Quindi il tema della trasmissione di memoria: quanto si è approfondita dentro la nostra comunità?

Come evidenziato prima, emerge una tendenza ad una sorta di indifferenza, considerando ormai i fatti del ’44 come eventi lontani. Tutto questo, ripeto, si può sposare facilmente con prospettive revisioniste, predisponendo una buona parte dell’opinione pubblica all’idea che, forse, di questi fatti se ne può parlare anche in termini molto laschi, se proprio se ne deve parlare. D’altra parte, la scoperta del cosiddetto “armadio della vergogna” negli anni Novanta e i successivi processi (per Monte Sole dal 2002 al 2008), hanno ridato vitalità e centralità a quegli eventi, con la precisa coscienza che non possono essere dimenticati. Quindi, secondo me, oggi è in atto una dialettica, una sorta di contesa tra queste due tendenze. Una che presta molta attenzione a questi fatti, cercando di non disperderne memoria e significato, prestando particolare attenzione ai pochissimi sopravvissuti. L’altra che si caratterizza per dimenticanza e annacquamento, in una sorta di notte in cui tutte le vacche sono nere, con responsabilità tendenziosamente e confusamente diffuse tra tutti i soggetti allora presenti e agenti. In questo senso, il passaggio generazionale della memoria, che si deve accompagnare al vaglio critico della storia, è strategico per il futuro di Monte Sole e il fatto che molti figli, nipoti o pronipoti del nostro territorio non ricevano dai genitori, nonni o bisnonni un patrimonio di ricordi e di esempi, deve costituire per noi un problema e un impegno. Siamo in una fase molto importante perché ci giochiamo una prospettiva: se Monte Sole si cristallizzerà come un nodo centrale della storia repubblicana che tutti devono ricordare (come Garibaldi e i Mille, per intenderci), diventando un elemento di una storia unitaria europea o se al contrario, quella storia, con tutto il suo portato, perderà vigore, a partire dalle comunità che ne vissero la tragedia.

Nonostante ne abbia già accennato, come sono cambiati i giovani che si avvicinano a Monte Sole?
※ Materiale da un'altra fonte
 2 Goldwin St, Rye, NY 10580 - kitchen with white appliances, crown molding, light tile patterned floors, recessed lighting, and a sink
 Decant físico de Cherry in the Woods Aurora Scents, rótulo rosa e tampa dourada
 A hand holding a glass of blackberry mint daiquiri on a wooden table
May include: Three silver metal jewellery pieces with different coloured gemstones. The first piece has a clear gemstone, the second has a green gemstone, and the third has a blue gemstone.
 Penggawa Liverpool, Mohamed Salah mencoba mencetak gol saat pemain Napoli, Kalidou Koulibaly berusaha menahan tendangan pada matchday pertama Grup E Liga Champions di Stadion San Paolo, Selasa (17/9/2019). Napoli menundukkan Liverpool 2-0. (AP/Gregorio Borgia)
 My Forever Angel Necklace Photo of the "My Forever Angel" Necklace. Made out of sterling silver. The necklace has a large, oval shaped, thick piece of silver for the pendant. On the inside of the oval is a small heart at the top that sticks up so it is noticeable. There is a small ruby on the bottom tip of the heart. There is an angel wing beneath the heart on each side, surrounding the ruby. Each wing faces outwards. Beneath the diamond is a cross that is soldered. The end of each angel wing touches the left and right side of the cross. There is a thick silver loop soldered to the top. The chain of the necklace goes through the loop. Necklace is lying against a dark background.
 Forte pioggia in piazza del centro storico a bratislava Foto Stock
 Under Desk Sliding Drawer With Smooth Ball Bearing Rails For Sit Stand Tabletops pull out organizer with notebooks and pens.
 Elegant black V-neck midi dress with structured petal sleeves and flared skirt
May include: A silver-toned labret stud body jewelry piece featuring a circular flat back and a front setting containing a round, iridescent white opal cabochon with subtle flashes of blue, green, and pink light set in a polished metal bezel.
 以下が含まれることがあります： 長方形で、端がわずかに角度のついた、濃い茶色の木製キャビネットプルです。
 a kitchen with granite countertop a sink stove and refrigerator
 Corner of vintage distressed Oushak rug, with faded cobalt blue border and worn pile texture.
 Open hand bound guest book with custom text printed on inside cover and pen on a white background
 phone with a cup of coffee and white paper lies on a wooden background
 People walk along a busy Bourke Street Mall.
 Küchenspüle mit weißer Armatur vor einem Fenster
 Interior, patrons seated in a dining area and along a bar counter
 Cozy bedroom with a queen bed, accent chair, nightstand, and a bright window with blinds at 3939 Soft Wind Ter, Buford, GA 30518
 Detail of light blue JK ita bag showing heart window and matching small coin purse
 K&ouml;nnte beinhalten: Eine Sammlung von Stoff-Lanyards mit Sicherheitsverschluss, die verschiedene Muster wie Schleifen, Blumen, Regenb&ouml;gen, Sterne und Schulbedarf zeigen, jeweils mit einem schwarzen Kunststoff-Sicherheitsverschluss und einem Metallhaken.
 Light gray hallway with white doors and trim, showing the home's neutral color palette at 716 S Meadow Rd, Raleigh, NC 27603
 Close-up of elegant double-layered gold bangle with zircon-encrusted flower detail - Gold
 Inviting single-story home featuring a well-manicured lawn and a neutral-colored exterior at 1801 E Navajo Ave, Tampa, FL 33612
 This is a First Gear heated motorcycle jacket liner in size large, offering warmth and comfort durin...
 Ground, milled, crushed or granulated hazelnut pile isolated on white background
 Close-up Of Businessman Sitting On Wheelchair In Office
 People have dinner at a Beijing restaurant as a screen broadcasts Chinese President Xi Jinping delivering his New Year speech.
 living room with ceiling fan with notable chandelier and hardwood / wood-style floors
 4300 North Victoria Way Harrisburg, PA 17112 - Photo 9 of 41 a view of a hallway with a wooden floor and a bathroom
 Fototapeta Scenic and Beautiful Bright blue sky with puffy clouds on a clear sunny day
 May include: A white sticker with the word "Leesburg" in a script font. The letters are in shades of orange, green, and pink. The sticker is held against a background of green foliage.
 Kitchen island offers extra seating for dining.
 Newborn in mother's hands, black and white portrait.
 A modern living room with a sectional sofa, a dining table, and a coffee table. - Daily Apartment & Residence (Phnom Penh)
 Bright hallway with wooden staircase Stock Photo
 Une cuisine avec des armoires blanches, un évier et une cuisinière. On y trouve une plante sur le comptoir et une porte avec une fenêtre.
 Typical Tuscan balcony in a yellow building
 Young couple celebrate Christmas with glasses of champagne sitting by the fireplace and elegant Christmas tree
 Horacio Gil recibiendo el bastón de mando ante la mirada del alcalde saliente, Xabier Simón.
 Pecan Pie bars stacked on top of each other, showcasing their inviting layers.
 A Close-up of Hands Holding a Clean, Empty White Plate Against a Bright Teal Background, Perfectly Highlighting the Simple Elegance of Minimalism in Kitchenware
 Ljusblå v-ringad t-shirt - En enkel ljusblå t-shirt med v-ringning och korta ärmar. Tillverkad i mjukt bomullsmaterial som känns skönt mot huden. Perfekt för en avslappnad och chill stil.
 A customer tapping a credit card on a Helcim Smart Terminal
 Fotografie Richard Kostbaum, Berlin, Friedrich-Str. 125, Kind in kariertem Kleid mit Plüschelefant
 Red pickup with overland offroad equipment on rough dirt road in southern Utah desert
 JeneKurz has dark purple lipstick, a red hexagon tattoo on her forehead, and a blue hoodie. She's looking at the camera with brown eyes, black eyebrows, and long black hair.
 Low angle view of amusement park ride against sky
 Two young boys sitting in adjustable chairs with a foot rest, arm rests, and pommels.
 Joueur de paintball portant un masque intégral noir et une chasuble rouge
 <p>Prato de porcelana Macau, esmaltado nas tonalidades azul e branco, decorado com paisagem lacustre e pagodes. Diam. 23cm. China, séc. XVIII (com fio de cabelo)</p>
Io ho molta fiducia nelle generazioni future. Faccio un esempio. Una delle altre attività che il Comitato sta sviluppando in questi anni è quella di sostenere i viaggi della memoria, organizzati dall’A.N.E.D., Associazione Nazionale Ex Deportati, nei campi di concentramento, favorendo la partecipazione delle ragazze e dei ragazzi dei tre comuni. Quest’anno ho avuto l’opportunità di accompagnare studentesse e studenti di terza media di Monzuno e alcuni altre allieve e allievi di Marzabotto e sono rimasto favorevolmente colpito da come hanno reagito. Il nostro collaboratore per la didattica, il prof. Tito Menzani, che lavora con le scuole ormai da tre anni in maniera sistematica, ha riscontrato un interesse e una sensibilità spiccata nei ragazzi. Quindi, la volontà è quella di proseguire in questo lavoro di mantenimento di una memoria “attiva”, che guarda al domani e non al passato e che guarda a cosa vuol dire costruire una cittadinanza aperta, solidale e non velleitaria. Per questo credo che il Comitato debba essere in grado di interloquire con le crisi di oggi (basti pensare all’Ucraina e al Medio Oriente). Bisogna essere presenti nelle questioni che ci interrogano adesso. Monte Sole cosa ci può dire? Ci può essere da guida, da luce che illumini una via piuttosto che un’altra? Questa è una sfida interessante e io credo che i ragazzi abbiano voglia di affrontarla e noi dobbiamo essere attenti e disponibili per un ascolto ed un’interlocuzione sinceri.